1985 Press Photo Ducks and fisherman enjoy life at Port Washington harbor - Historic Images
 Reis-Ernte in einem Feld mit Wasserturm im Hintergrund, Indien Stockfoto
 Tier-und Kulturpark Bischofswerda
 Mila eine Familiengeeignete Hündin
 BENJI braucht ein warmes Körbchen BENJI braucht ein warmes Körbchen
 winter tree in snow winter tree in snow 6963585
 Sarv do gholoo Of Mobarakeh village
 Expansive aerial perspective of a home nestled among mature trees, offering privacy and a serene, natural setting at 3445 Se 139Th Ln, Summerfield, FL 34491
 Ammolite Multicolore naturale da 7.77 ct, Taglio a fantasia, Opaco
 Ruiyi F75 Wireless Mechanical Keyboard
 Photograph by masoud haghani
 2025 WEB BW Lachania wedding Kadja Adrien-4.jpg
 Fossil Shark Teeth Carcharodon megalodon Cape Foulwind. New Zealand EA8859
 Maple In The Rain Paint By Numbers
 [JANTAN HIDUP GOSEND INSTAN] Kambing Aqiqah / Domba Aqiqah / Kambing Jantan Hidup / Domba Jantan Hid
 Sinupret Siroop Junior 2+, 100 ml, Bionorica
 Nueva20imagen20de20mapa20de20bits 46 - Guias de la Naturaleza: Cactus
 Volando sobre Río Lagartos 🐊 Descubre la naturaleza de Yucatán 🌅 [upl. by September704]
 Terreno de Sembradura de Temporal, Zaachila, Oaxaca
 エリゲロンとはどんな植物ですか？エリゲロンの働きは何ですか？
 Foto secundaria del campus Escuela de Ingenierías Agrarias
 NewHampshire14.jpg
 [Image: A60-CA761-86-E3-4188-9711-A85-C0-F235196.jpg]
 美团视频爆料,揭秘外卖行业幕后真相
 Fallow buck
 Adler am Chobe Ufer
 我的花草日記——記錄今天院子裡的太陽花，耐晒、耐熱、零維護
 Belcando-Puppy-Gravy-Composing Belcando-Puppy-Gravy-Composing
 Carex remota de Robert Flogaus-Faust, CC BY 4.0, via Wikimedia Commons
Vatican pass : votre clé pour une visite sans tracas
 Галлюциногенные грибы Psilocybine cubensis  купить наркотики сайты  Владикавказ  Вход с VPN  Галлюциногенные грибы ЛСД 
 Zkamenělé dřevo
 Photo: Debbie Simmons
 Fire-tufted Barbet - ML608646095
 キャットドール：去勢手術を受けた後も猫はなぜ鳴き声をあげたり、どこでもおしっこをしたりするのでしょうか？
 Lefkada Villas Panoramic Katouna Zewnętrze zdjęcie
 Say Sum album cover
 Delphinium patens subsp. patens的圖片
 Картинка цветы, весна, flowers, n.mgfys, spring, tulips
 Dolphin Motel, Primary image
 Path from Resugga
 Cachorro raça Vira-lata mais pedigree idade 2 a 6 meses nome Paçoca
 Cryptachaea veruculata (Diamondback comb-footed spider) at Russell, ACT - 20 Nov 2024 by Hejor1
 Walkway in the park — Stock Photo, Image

▶ _What needs to be done_:
Line by line, print the listing above exactly.

▶ _Task output_:
1985 Press Photo Ducks and fisherman enjoy life at Port Washington harbor - Historic Images
 Reis-Ernte in einem Feld mit Wasserturm im Hintergrund, Indien Stockfoto
 Tier-und Kulturpark Bischofswerda
 Mila eine Familiengeeignete Hündin
 BENJI braucht ein warmes Körbchen BENJI braucht ein warmes Körbchen
 winter tree in snow winter tree in snow 6963585
 Sarv do gholoo Of Mobarakeh village
 Expansive aerial perspective of a home nestled among mature trees, offering privacy and a serene, natural setting at 3445 Se 139Th Ln, Summerfield, FL 34491
 Ammolite Multicolore naturale da 7.77 ct, Taglio a fantasia, Opaco
 Ruiyi F75 Wireless Mechanical Keyboard
 Photograph by masoud haghani
 2025 WEB BW Lachania wedding Kadja Adrien-4.jpg
 Fossil Shark Teeth Carcharodon megalodon Cape Foulwind. New Zealand EA8859
 Maple In The Rain Paint By Numbers
 [JANTAN HIDUP GOSEND INSTAN] Kambing Aqiqah / Domba Aqiqah / Kambing Jantan Hidup / Domba Jantan Hid
 Sinupret Siroop Junior 2+, 100 ml, Bionorica
 Nueva20imagen20de20mapa20de20bits 46 - Guias de la Naturaleza: Cactus
 Volando sobre Río Lagartos 🐊 Descubre la naturaleza de Yucatán 🌅 [upl. by September704]
 Terreno de Sembradura de Temporal, Zaachila, Oaxaca
 エリゲロンとはどんな植物ですか？エリゲロンの働きは何ですか？
 Foto secundaria del campus Escuela de Ingenierías Agrarias
 NewHampshire14.jpg
 [Image: A60-CA761-86-E3-4188-9711-A85-C0-F235196.jpg]
 美团视频爆料,揭秘外卖行业幕后真相
 Fallow buck
 Adler am Chobe Ufer
 我的花草日記——記錄今天院子裡的太陽花，耐晒、耐熱、零維護
 Belcando-Puppy-Gravy-Composing Belcando-Puppy-Gravy-Composing
 Carex remota de Robert Flogaus-Faust, CC BY 4.0, via Wikimedia Commons
Vatican pass : votre clé pour une visite sans tracas
 Галлюциногенные грибы Psilocybine cubensis  купить наркотики сайты  Владикавказ  Вход с VPN  Галлюциногенные грибы ЛСД 
 Zkamenělé dřevo
 Photo: Debbie Simmons
 Fire-tufted Barbet - ML608646095
 キャットドール：去勢手術を受けた後も猫はなぜ鳴き声をあげたり、どこでもおしっこをしたりするのでしょうか？
 Lefkada Villas Panoramic Katouna Zewnętrze zdjęcie
 Say Sum album cover
 Delphinium patens subsp. patens的圖片
 Картинка цветы, весна, flowers, n.mgfys, spring, tulips
 Dolphin Motel, Primary image
 Path from Resugga
 Cachorro raça Vira-lata mais pedigree idade 2 a 6 meses nome Paçoca
 Cryptachaea veruculata (Diamondback comb-footed spider) at Russell, ACT - 20 Nov 2024 by Hejor1
 Walkway in the park — Stock Photo, Image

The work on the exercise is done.